Two plays with traditional songs included. Kilkenny Rose is set in gold fever times and tells of the lives of the women in the towns that existed then. Moonshine is about making illicit whisky using the recipe early Scottish settlers had brought with them. This latter is pure comedy; Kilkenny Rose has a more dramatic tone, but the women lighten the mood with their songs and dance. Kilkenny Rose has a cast of 2 men and 4 women; Moonshine may be played with a cast of 4 men and 5 women, with all but the lead character, Duncan, being doubled.

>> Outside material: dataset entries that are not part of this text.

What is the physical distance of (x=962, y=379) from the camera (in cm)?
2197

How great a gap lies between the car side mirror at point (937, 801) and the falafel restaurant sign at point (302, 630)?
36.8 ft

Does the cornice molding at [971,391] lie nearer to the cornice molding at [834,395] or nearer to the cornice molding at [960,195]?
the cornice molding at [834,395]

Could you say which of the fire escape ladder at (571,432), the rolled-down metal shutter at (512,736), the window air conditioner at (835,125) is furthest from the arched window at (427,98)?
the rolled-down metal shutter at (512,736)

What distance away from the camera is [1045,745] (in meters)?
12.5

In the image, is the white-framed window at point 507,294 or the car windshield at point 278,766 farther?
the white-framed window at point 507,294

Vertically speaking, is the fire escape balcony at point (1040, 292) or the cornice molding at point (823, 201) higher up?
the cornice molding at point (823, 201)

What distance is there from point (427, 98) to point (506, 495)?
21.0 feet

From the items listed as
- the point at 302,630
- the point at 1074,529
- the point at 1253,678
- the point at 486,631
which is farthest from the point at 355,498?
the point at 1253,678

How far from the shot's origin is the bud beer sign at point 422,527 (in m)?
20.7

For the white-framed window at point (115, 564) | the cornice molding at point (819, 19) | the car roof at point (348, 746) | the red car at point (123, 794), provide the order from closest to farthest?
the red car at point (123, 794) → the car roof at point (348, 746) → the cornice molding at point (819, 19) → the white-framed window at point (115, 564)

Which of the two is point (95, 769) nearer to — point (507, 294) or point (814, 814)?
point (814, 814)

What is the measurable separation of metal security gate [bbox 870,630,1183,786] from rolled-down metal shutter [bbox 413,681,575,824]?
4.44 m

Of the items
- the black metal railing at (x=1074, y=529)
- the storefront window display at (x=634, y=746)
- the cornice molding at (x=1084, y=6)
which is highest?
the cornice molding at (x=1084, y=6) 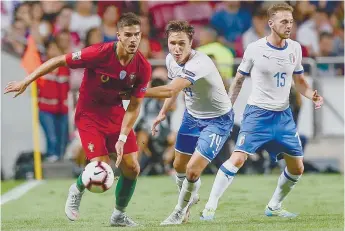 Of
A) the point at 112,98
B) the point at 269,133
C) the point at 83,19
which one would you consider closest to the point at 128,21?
the point at 112,98

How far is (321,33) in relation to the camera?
66.5ft

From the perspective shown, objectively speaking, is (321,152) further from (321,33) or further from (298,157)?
(298,157)

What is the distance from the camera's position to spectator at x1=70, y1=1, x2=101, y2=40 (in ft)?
63.9

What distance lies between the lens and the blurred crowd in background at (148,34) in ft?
60.1

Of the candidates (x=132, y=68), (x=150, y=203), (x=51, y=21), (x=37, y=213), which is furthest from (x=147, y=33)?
(x=132, y=68)

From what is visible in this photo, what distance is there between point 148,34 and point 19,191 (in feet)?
17.4

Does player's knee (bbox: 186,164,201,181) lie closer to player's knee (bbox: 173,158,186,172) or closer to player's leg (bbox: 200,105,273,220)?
player's leg (bbox: 200,105,273,220)

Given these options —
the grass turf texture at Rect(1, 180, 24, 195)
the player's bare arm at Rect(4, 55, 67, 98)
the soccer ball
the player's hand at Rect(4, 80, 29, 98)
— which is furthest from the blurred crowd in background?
the player's hand at Rect(4, 80, 29, 98)

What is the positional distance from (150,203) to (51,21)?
23.5 feet

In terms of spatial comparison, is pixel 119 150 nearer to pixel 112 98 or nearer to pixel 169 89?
pixel 112 98

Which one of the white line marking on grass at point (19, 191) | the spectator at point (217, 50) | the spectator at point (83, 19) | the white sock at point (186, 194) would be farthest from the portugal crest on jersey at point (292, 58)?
the spectator at point (83, 19)

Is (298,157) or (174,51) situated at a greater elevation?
(174,51)

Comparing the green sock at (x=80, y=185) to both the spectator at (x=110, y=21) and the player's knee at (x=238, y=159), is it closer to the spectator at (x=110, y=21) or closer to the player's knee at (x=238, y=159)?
the player's knee at (x=238, y=159)

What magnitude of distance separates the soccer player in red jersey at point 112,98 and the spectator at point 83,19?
29.8 ft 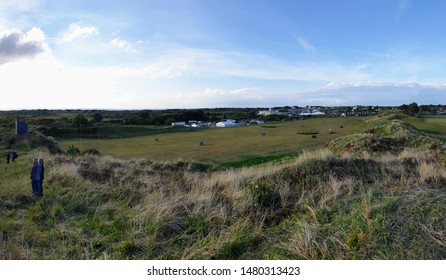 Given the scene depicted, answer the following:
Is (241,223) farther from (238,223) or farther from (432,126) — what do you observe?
(432,126)

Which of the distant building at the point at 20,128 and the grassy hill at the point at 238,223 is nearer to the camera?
the grassy hill at the point at 238,223

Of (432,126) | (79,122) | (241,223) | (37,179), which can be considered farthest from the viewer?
(79,122)

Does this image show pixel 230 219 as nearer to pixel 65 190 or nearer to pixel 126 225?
pixel 126 225

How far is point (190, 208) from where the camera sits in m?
7.07

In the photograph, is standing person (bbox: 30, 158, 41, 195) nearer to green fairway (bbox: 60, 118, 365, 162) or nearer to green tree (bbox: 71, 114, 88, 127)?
green fairway (bbox: 60, 118, 365, 162)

A Childhood at Cairnsmore is the true story of a childhood spent on a sheep farm at the foot of the Ruahine Range in the 1920s and 1930s. It is rich with details of country life in New Zealand - the homestead, riding on horseback to school, home baking and domestic chores. ' .. reminds us of how much has changed in our lifetime.''... a fascinating and touching story, and a valuable record of earlier days ..It reminded me of so much - shearing gangs, and even the long drop ...'
Two plays. The Pear Tree is about a woman who is visited by the spirit of her deceased aunt's sweetheart. He is very similar in personality to the woman's own daughter's boyfriend. The spirit and the boyfriend should be played by the same actor. It is a sweet piece, not intended to be spooky. Irene is quite a different story. It is biographical and tells the story of a woman resolving the difficulties she has had as the wife of an alcoholic.
A convict during the prison settlements on Norfolk Island in the South Pacific during the late 18th C. and early 19th C. tells of the horrors of those times. The colour photos are of buildings, some of which have been restored by the Australian Heritage Trust. The approval and consent of Norfolk Island Administration has graciously given permission for their use in this volume.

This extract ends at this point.